In the example screenshot below, we can see that the first step taken is to read the length of the packet. This confirms the malware’s ability to retrieve data over the socket from the command and control (C2) server.
After successfully reading the length, the malware proceeds with execution. It reads the expected length of the attack packet, then uses that length to read the corresponding number of bytes from the C2 server, which constitutes the attack packet.
Attack Command packet structure
Below is the structure of the received attack packet along with the corresponding packet capture bytes. The time gap in receiving the length of the entire packet (highlighted in red in the capture) and the actual attack packet is minimal. As a result, it may seem as if they were concatenated into one packet and received simultaneously; however, they were actually received separately.
The packet structure is quite simple. First, there is a 32-byte hash of the entire received packet, referred to as SHA-256 (highlighted in yellow). Following this, the encoded bytes represent the attack command (highlighted in blue), which will be decoded using the same Caesar shift cipher mentioned earlier before being parsed.
Struct attack_pkt {
uint16_t expected_pkt_length;
char encoded_cmd_sha256_hash[SHA256_BLOCK_SIZE];
char encoded_cmd[ENCODED_CMD_LENGTH];
};
Once the integrity of the encoded attack command is verified, it is decoded and passed to “attack_parse.” This function is responsible for extracting target information, determining the specific attack method, and then handing off control to the appropriate attack function for execution.
The “attack_parse” function closely resembles the original Mirai code, as it processes the provided buffer containing the attack command in a similar manner.
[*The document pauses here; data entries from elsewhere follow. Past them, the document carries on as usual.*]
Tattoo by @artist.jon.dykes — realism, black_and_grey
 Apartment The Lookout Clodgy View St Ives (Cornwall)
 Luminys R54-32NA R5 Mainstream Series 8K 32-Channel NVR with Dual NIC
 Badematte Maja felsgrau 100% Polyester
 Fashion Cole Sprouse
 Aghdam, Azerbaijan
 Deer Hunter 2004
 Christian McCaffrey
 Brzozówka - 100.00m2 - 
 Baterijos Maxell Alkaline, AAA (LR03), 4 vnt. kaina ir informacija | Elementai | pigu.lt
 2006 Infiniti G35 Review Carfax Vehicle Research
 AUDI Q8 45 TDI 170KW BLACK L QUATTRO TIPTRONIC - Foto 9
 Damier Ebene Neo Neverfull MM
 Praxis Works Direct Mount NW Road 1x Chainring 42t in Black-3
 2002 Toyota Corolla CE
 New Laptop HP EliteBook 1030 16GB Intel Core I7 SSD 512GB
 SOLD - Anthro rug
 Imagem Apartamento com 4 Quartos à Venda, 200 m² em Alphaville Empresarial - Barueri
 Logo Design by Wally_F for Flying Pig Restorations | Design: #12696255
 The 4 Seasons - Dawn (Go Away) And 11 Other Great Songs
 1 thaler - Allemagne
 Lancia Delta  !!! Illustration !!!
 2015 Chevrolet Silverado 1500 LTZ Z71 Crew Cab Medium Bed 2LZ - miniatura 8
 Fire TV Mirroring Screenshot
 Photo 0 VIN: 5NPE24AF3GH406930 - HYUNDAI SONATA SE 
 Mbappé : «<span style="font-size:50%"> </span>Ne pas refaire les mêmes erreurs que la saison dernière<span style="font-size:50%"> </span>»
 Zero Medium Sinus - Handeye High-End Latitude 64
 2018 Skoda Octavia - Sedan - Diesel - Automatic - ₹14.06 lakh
Notably, it supports attack commands both with and without options, just like the original Mirai.
Conclusion
GorillaBot may not reinvent the wheel, but it’s a strong reminder that old code can still pack a punch when reused in clever ways. By building on Mirai’s foundation and adding its own tweaks to communication, encryption, and evasion techniques, GorillaBot proves that legacy malware lives on and evolves.
To better understand threats like GorillaBot, the use of malware analysis tools like ANY.RUN’s Interactive Sandbox is important. It lets you dive into live malware behavior: from unpacking encrypted payloads to monitoring C2 communication in real time.
Curious to see it in action? Try ANY.RUN now to explore malware samples like GorillaBot hands-on and uncover the tactics they use during attacks to strengthen your defenses.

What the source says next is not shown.